This guide covers display setup, GPU acceleration, sound (PulseAudio), and desktop environment auto-boot for Droidspaces containers. On Android, as of v6.3.0, the X server, VirGL server, and PulseAudio daemon all launch automatically when a container starts - no manual Termux commands required.

Important

Droidspaces does not ship PulseAudio, Termux:X11, or virglrenderer-android. These are upstream Termux packages installed by the setup script. Droidspaces only manages their lifecycle (launching, socket bridging, environment injection). If you encounter issues with audio quality, device compatibility, crashes, or rendering problems with any of these packages, report them to the Termux packages project, not to Droidspaces.

Quick Navigation


Universal Requirements (Android)

Before setting up any display, GPU, or audio feature, ensure all of the following are met:

  1. Droidspaces v6.3.0 or higher - after updating, a full reboot is mandatory to apply the updated SELinux rules.

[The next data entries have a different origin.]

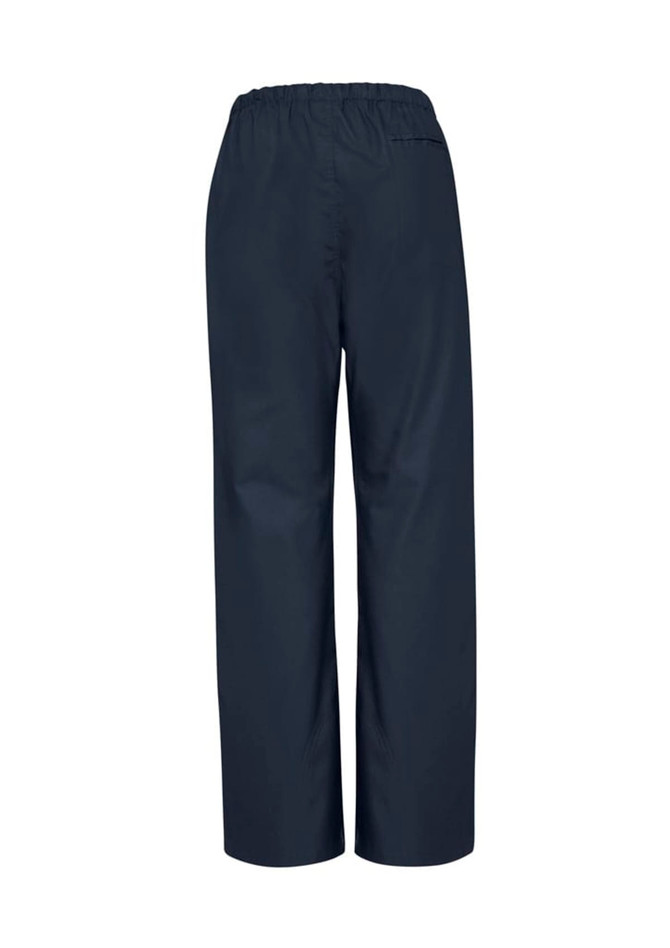 Classic women's bootleg scrub pants in navy blue, featuring an elastic waistband and a logo on the back.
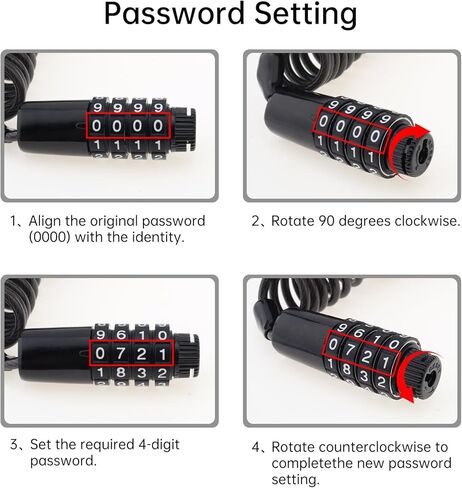 Windance Stainless Steel Retractable Password Lock, Helmet Luggage Lock Cable, Metal Body Anti-Theft Keyless Travel with 4 Digit Coded Combination, Secures Your Suitcase Backpack in Saudi Arabia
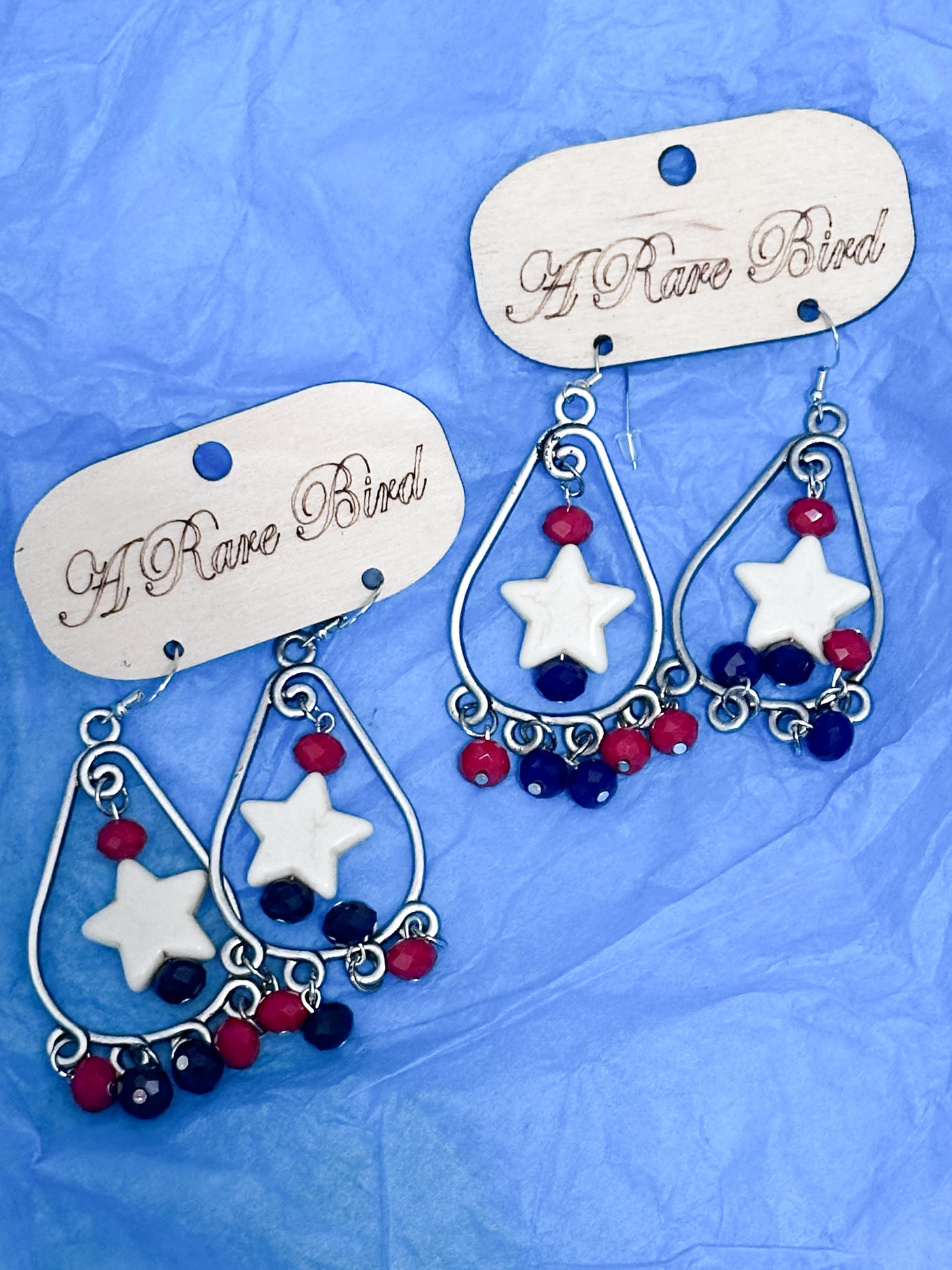 Patriotic Star Dangle Earrings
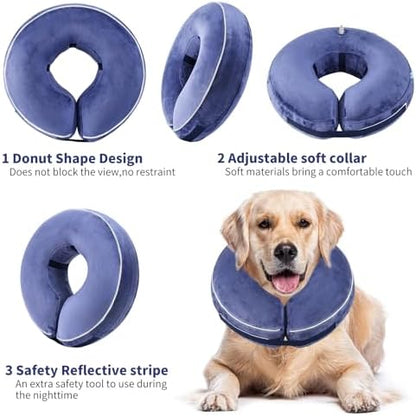 Inflatable Reflective Dog Cone Collar Alternative After Surgery,Doggie Recovery Dount Neck Ecollar,Adjustable Soft Dog Cone Collar for Small Medium Large Dogs (Blue, M) - Image 2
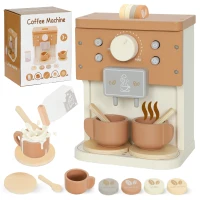 AIYAPLAY Set Mașină de Cafea din Lemn pentru Copii de la 3 Ani cu Accesorii, Maro(m-11)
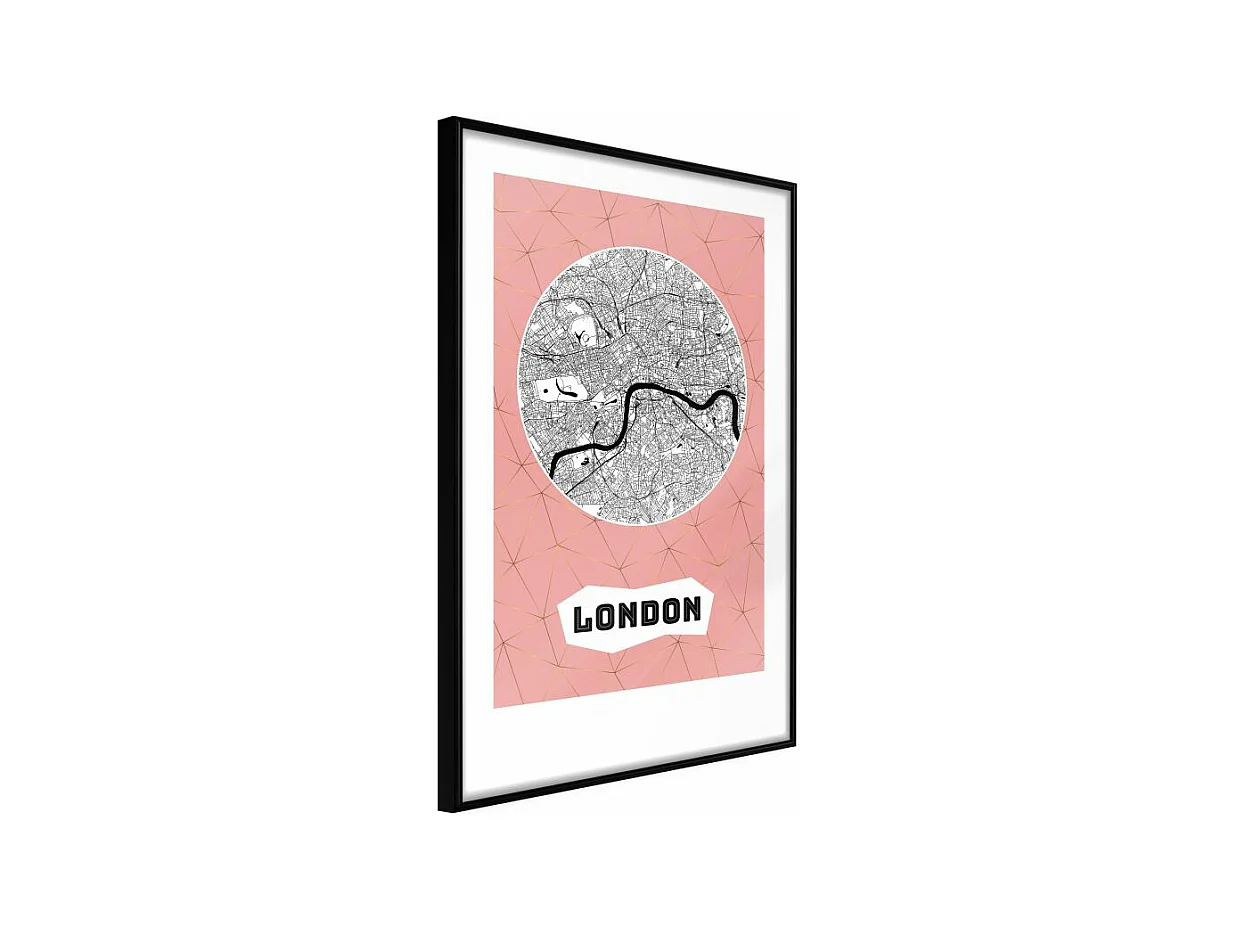 Affiche Murale Encadrée "City map London Pink" 30 x 42 cm Noir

  2. Both Termux and Termux:X11 apps must be installed on your device.

  3. Run the Droidspaces setup script inside Termux (mandatory - installs Termux:X11, VirGL, PulseAudio, and patches the audio config):

    curl -fsSL https://github.com/ravindu644/Droidspaces-OSS/raw/refs/heads/dev/scripts/setup-termux.sh | bash

Important

This script only needs to be run once. It installs all required display and audio dependencies into Termux.


Android Display & GPU

As of v6.3.0, Droidspaces automatically launches the Termux:X11 X server (and VirGL server, if configured) when a container starts. It also injects the required environment variables into the container via /run/droidspaces.env, which is symlinked from /etc/profile.d/droidspaces_env.sh for automatic sourcing.

Tip

Using zsh, fish, or another non-login shell?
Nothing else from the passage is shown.